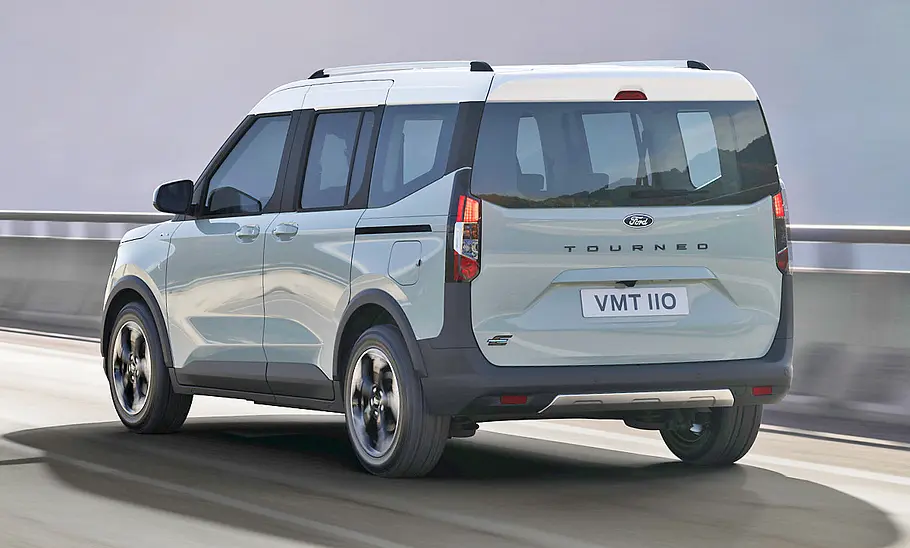 Der Ford E-Tourneo Courier (2025) fährt auf einer Straße, von hinten links fotografiert.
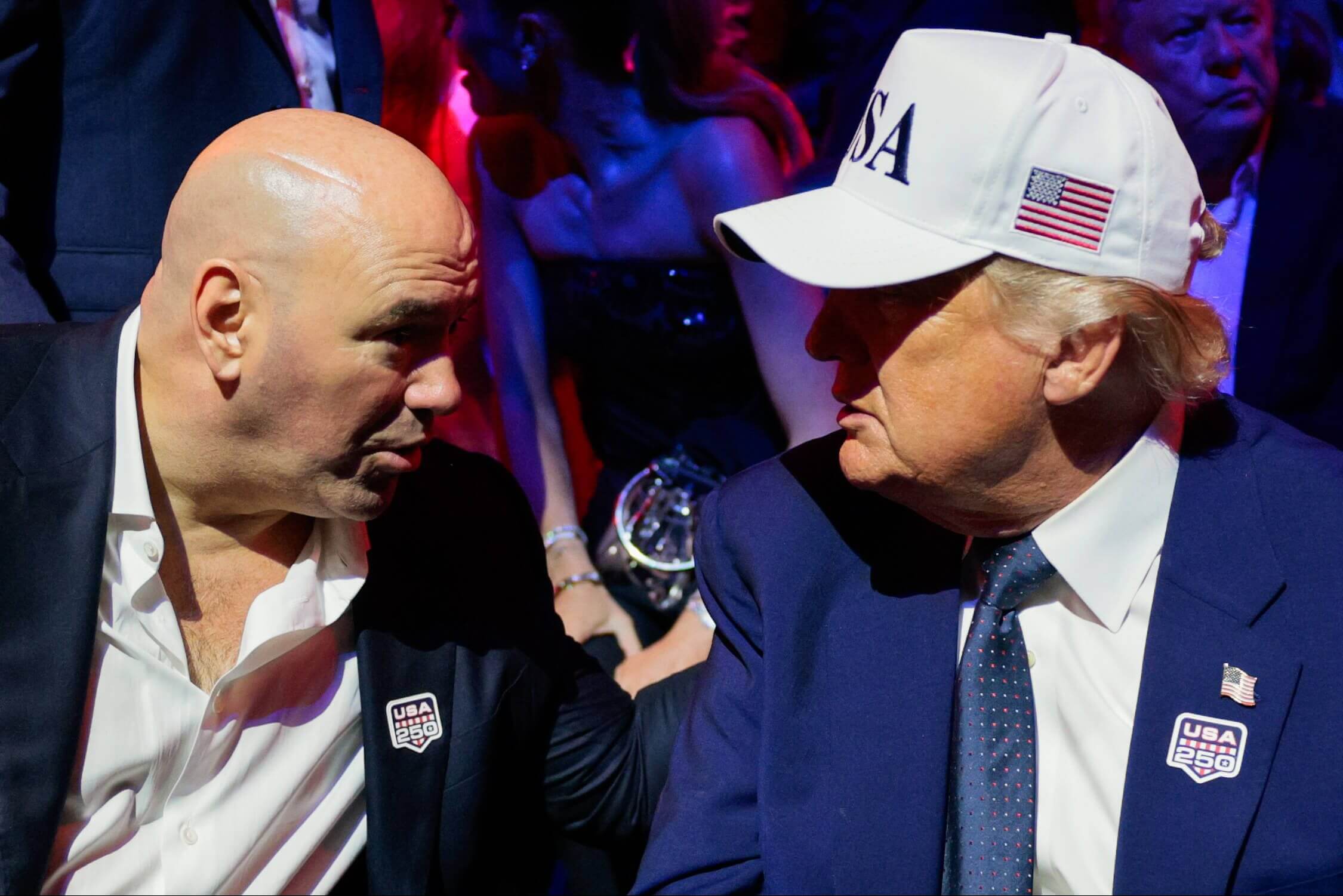 UFC CEO Dana White talks with U.S. President Donald Trump.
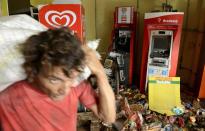 A man carries goods out of a supermarket that was looted during a police strike in Salvador, Bahia state, April 17, 2014. A police strike has unleashed violent crime in Brazil's third-largest city just two months before it is set to welcome hordes of soccer fans for the World Cup, adding to fears about the country's ability to ensure safety during the event. At least 22 people were killed in and around the northeastern city of Salvador after state police went on strike early on Wednesday to demand better pay and other benefits, the Bahia state government said on Thursday, prompting the federal government to dispatch troops to restore order. REUTERS/Valter Pontes (BRAZIL - Tags: CRIME LAW POLITICS CIVIL UNREST SPORT SOCCER WORLD CUP)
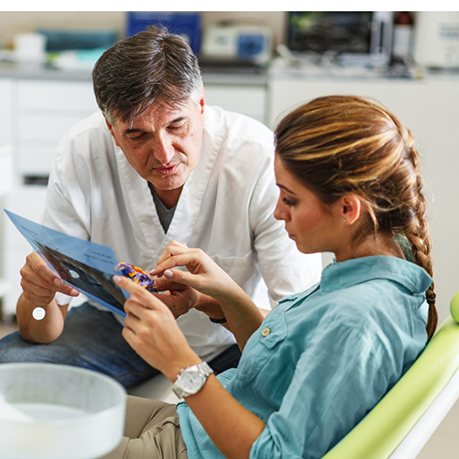 Sleep dentist showing an oral appliance to a patient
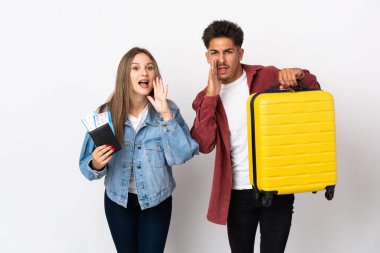 Mavi arka planda izole edilmiş bir bavul taşıyan gezgin çift bağırıyor ve bir şey duyuruyor.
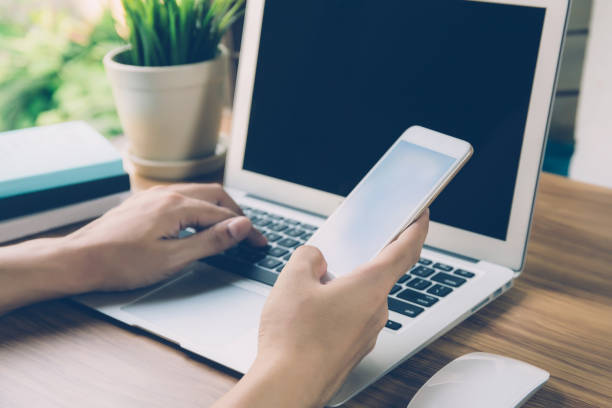 istock Hand of business man working from home using laptop computer to internet online on desk, lifestyle of new normal, social distancing, freelance work in stay home and look phone, communication concept. 1225468018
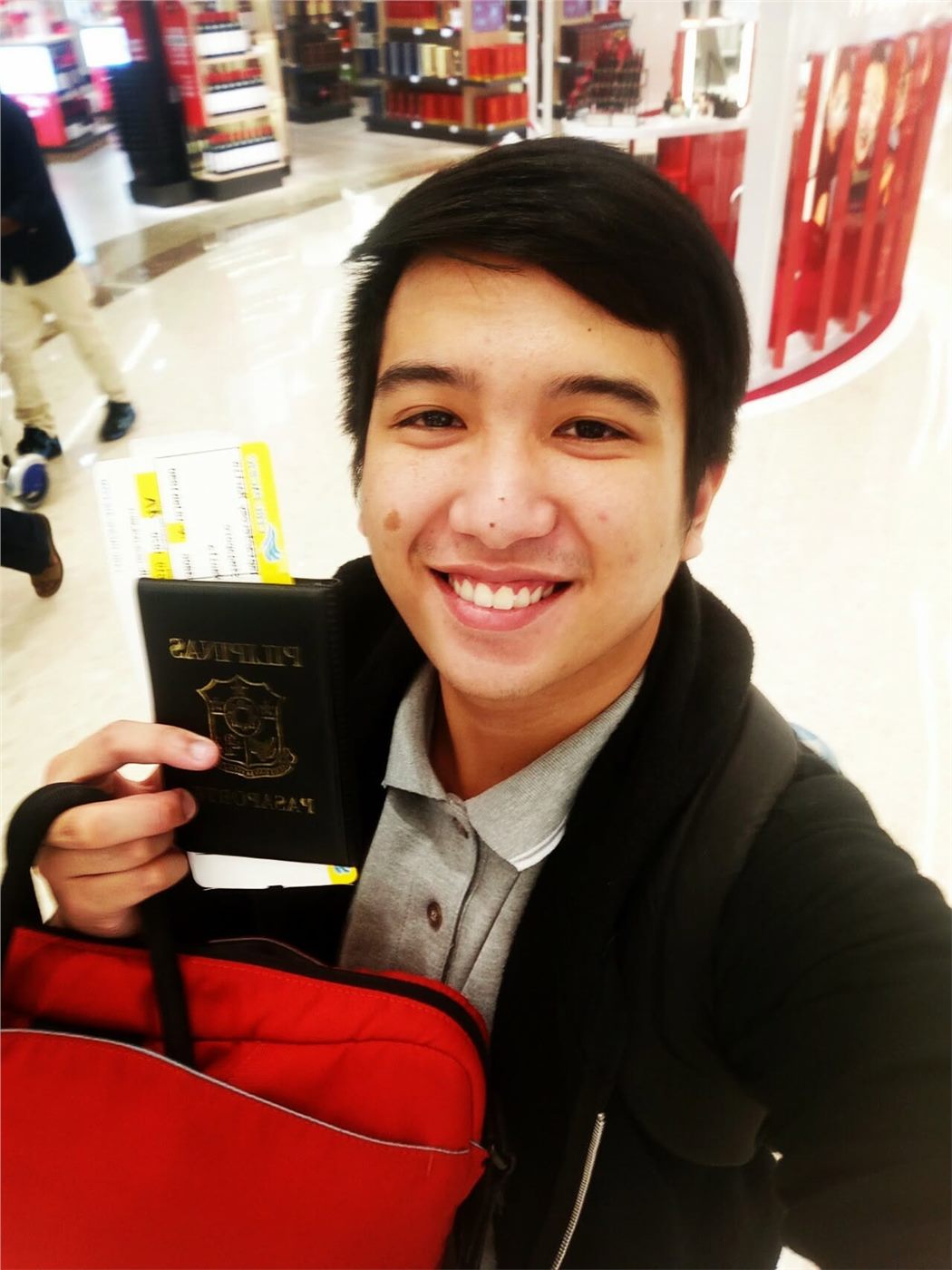 Jeremy holding his Philippine passport
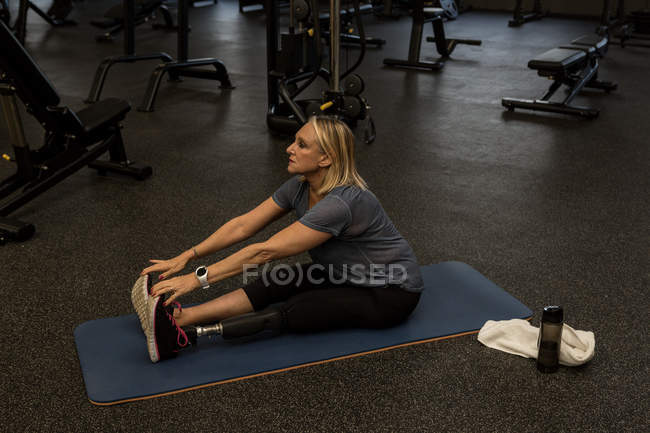 Femme handicapée effectuant des exercices d'étirement dans la salle de gym — Photo de stock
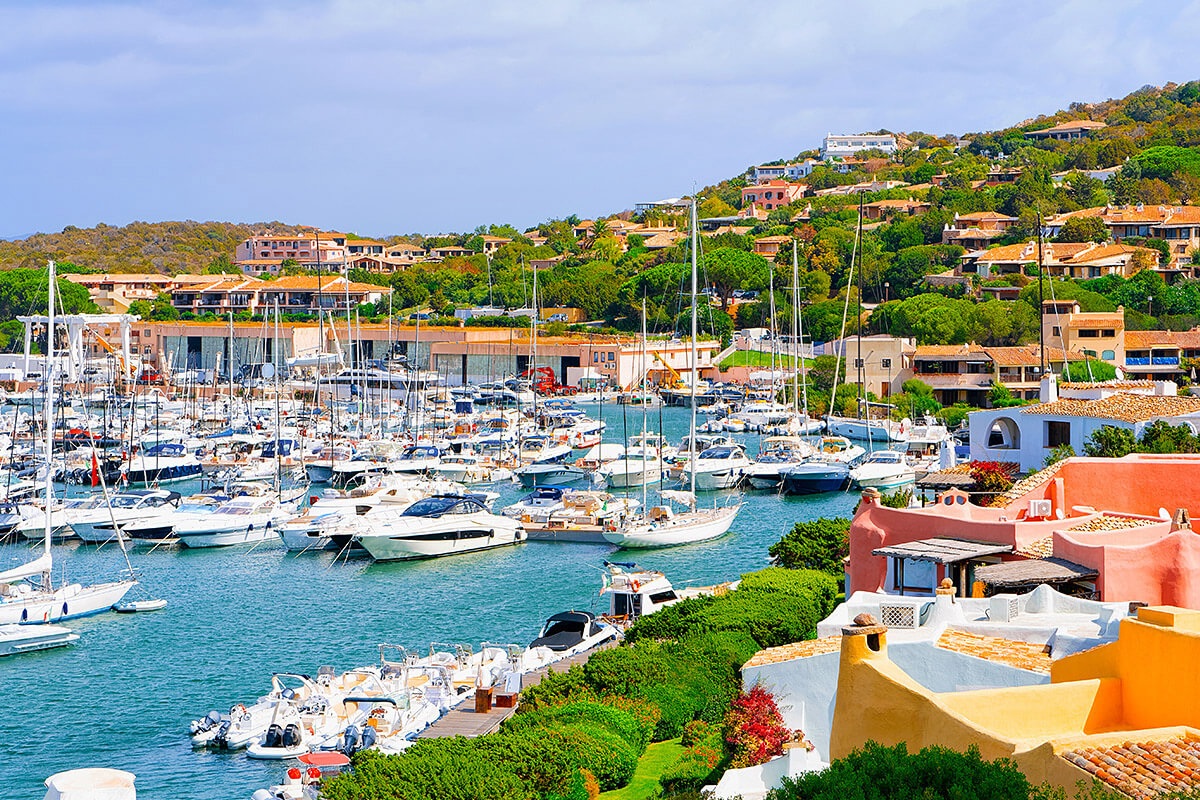 Image of a pier with yachts on the island of Sardinia, Italy Image of a pier with yachts on the island of Sardinia, Italy
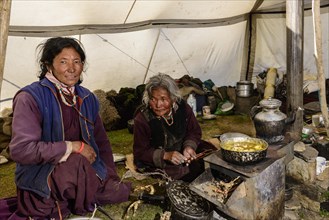 Nomad women preparing food inside their tent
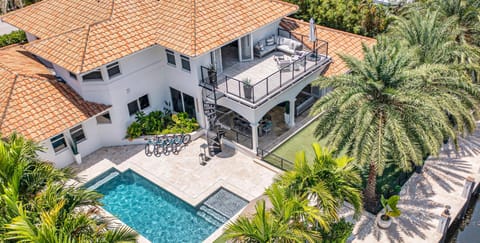 Extravagant Mediterranean coastal waterfront villa is Nestled in the streets of Seven Isles just a mile from the beach.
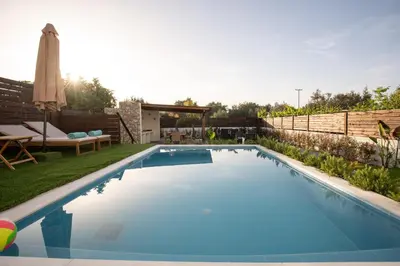 a swimming pool in the backyard of a house at Kathy's apartments in Archaggelos in Archangelos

**WHAT YOU NEED TO DO**
Your reply should consist solely of the lines from the line containing "Jeremy holding his Philippine passport" through the last line of the listing, unchanged and free of pictures.

**SOLUTION FOR THIS EXERCISE**
 Jeremy holding his Philippine passport
 Femme handicapée effectuant des exercices d'étirement dans la salle de gym — Photo de stock
 Image of a pier with yachts on the island of Sardinia, Italy Image of a pier with yachts on the island of Sardinia, Italy
 Nomad women preparing food inside their tent
 Extravagant Mediterranean coastal waterfront villa is Nestled in the streets of Seven Isles just a mile from the beach.
 a swimming pool in the backyard of a house at Kathy's apartments in Archaggelos in Archangelos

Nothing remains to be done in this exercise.